We recently went into private beta on our flagship product and had a small launch event. Unfortunately the venue had a terrible wireless connection and packets were being dropped left right and centre causing havoc with out system, basically it wasn't able to work at all! Luckily we were able to switch to a different network and rescue the demo. This highlighted something that I knew was already an issue but hadn't appreciated quite how much of an issue it could be. Our system relies heavily on BOSH and has a rather large JavaScript code base which now works rather well under good network conditions. However we need to make it work well under bad network conditions as well.
Due to the way that XMPP works, a fire and forget system, it's not easy to tell if a message you sent, or were supposed to receive, was actually sent or received. For instance, we have an offer system, one user will send an offer to another over BOSH. When this message is received by the server a message is published to the offering users offers_sent PEP node and a similar message to the receiving users offers_received PEP node. While the sending user is able to tell if their offer was send (relatively) easily, if the notification to the receiving user is never received that user will never know it missed a message.
A little about out JavaScript setup, it has 4 main layers:
- StropheJS
- An MVC framework for dealing with low level tasks and to build on top of
- An application layer which contains the app logic routes, controllers models etc. as well as a browser cache of the model data
- A UI layer that receives events and publishes events to and from the application layer
One way to solve the missing messages issue would be to periodically check the PEP nodes for new data that the browser doesn't know about. If a new message was discovered the browsers cache would be invalidated and all new data would be requested from the server. I'm not sure this is the best way to go and it also doesn't cover all situations. We certainly don't want to get into the situation where we are sending messages to confirm the previous message was received at it's destination as this would double the network traffic.
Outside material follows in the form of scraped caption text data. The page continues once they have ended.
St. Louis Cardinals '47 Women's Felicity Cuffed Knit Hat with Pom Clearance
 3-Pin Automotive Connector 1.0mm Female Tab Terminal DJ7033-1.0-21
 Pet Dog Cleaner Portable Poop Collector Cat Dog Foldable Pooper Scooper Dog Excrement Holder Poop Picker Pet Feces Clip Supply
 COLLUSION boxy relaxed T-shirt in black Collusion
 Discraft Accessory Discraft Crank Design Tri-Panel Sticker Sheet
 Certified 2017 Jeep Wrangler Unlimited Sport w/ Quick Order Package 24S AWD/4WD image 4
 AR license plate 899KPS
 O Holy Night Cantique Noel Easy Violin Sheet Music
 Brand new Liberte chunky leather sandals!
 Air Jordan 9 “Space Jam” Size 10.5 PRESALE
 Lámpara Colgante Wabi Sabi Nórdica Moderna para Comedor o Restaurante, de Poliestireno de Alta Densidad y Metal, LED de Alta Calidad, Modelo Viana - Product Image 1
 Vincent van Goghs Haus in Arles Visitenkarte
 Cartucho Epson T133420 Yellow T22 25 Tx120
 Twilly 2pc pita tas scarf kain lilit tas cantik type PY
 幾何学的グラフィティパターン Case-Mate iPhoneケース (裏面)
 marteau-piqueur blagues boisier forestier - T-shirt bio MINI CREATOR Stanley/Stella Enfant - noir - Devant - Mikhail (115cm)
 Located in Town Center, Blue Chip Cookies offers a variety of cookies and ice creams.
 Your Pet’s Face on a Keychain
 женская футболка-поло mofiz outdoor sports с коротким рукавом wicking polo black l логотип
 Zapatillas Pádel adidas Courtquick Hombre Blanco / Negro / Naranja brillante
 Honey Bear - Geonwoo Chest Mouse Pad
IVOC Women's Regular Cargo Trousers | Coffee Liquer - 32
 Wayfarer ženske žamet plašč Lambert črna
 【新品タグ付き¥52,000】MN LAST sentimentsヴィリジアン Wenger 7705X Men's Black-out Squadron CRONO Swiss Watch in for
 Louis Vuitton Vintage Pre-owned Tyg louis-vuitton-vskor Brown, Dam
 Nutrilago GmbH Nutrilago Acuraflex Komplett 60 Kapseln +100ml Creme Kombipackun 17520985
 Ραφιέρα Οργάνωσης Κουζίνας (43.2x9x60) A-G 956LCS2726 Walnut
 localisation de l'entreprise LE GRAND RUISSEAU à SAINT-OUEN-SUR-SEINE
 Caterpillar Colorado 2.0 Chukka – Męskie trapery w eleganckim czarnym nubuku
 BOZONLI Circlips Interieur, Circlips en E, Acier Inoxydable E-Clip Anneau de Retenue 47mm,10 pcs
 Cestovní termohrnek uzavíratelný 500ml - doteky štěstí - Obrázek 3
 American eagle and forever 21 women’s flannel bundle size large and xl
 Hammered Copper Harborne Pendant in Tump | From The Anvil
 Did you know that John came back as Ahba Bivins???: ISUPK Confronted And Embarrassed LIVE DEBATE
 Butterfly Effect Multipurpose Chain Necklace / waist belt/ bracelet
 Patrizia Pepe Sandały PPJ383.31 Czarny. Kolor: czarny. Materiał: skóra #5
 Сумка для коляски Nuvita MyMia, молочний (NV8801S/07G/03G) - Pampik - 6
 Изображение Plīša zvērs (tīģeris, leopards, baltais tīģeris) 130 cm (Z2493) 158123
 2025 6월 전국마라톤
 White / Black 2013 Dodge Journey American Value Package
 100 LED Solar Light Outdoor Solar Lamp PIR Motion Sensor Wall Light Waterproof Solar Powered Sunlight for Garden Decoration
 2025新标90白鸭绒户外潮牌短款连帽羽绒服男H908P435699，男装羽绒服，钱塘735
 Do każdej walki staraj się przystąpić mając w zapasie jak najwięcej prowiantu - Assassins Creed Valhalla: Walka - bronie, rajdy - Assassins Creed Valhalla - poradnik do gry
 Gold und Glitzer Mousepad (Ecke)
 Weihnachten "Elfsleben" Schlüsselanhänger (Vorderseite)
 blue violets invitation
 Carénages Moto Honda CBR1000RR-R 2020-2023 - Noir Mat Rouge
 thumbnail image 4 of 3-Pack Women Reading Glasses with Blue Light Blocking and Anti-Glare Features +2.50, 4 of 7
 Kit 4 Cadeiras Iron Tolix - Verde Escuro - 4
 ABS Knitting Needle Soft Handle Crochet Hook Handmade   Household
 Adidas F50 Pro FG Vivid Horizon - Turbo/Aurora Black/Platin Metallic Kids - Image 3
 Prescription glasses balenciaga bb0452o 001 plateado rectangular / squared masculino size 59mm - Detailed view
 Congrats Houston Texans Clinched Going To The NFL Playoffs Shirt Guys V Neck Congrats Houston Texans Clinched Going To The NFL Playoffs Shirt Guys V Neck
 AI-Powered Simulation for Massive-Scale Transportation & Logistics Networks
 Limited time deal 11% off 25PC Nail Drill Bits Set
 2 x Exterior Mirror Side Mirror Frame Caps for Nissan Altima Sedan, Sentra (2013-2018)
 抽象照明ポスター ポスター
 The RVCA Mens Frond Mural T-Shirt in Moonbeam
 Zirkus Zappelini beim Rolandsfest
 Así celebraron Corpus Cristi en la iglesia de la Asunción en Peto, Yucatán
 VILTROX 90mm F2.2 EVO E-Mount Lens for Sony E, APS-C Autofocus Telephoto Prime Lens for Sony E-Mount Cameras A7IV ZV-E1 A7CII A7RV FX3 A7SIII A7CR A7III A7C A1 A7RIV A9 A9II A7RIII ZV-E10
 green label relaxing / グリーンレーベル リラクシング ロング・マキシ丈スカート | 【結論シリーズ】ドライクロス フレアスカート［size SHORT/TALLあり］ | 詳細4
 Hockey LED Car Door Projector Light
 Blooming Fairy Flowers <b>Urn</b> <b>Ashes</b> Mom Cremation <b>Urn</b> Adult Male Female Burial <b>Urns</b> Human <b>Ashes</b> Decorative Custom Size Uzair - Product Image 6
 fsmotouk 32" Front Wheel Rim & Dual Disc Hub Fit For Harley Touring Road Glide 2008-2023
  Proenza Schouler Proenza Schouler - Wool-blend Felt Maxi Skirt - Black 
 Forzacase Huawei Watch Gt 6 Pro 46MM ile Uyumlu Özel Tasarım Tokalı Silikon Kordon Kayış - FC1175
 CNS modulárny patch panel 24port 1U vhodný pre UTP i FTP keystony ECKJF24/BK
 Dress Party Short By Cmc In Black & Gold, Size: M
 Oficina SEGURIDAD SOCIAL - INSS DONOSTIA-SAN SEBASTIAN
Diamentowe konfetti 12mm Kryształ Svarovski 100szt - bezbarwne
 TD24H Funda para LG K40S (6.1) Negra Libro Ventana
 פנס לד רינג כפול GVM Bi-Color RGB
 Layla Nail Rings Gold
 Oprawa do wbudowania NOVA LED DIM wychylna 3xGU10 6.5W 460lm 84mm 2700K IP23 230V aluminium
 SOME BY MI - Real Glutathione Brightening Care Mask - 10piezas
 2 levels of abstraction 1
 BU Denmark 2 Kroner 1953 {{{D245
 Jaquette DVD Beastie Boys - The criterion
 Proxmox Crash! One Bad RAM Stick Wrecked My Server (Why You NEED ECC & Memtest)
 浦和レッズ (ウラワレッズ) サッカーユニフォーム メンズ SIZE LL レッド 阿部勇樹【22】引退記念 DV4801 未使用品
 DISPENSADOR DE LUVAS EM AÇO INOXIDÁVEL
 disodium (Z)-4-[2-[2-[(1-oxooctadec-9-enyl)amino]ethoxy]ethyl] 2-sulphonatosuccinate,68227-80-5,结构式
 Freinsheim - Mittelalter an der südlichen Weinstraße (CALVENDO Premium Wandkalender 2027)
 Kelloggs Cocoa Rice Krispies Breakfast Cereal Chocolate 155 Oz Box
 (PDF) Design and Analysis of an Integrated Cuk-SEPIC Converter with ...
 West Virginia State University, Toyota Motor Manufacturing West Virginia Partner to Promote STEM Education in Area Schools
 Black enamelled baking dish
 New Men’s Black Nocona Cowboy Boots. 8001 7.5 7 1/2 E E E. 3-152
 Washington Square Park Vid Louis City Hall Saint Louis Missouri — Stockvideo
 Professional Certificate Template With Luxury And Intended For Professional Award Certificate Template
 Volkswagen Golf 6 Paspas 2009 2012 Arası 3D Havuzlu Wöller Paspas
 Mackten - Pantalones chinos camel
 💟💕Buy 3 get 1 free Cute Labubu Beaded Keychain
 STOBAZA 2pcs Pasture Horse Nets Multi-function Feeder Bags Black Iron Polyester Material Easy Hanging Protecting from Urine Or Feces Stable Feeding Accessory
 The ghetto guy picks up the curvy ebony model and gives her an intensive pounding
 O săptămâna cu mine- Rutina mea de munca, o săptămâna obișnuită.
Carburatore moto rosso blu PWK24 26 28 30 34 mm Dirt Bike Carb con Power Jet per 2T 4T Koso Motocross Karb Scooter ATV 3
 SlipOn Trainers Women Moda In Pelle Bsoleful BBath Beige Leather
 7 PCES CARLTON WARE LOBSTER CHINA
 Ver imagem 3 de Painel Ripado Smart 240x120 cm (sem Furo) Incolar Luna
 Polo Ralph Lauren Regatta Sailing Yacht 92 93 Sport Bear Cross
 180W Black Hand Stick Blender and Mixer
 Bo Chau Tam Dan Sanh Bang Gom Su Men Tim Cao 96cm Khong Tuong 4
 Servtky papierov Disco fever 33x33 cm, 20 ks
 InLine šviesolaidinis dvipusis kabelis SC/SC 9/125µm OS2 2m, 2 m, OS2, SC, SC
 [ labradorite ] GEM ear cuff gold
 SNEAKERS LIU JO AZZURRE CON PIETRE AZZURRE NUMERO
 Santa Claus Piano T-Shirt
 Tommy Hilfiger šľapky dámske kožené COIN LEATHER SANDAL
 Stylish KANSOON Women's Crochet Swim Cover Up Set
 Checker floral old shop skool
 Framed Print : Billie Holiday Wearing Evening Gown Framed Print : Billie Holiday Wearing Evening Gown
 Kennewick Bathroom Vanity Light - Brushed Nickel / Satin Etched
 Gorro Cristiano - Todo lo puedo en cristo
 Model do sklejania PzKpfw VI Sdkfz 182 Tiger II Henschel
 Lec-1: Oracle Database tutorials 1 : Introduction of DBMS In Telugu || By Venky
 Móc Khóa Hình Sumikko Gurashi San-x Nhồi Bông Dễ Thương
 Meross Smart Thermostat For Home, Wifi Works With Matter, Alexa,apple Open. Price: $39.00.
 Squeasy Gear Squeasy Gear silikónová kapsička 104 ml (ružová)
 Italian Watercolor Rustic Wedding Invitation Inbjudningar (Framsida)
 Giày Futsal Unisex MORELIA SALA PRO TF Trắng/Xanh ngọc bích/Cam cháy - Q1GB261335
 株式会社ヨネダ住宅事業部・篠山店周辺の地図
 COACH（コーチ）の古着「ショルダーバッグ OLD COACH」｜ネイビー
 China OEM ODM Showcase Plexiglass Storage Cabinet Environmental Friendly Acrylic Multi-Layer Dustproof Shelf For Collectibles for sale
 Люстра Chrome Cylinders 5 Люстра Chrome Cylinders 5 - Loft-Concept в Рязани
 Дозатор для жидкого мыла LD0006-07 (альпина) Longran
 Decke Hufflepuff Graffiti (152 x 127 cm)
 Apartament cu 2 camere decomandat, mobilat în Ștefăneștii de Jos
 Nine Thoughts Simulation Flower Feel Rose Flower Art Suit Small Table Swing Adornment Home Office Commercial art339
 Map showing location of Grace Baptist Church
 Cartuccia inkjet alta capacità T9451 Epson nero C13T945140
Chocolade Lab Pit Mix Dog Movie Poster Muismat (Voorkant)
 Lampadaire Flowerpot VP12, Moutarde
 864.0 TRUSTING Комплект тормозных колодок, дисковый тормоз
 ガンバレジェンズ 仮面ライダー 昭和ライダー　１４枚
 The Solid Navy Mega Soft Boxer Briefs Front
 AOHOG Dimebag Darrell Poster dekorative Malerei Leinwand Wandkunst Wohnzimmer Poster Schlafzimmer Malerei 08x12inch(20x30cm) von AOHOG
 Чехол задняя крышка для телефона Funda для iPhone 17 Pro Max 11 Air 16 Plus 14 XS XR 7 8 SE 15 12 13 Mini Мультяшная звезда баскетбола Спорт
With the number of real time websites growing daily this is an issue that must have been encountered by other developers, it would be interesting to see how it's been solved by others. As far as I can see there are two situations in which messages go missing:
- On poor connections messages are not sent or received due to the packets being dropped
- Involving navigating between pages, a message is received by the browser but is not fully processed and stored in the local cache before the page is unloaded. Or a message is added to the send queue but never sent before the page is unloaded
I suspect the hardest issue to solve will be number 2. Any thoughts on the subject would be much appreciated.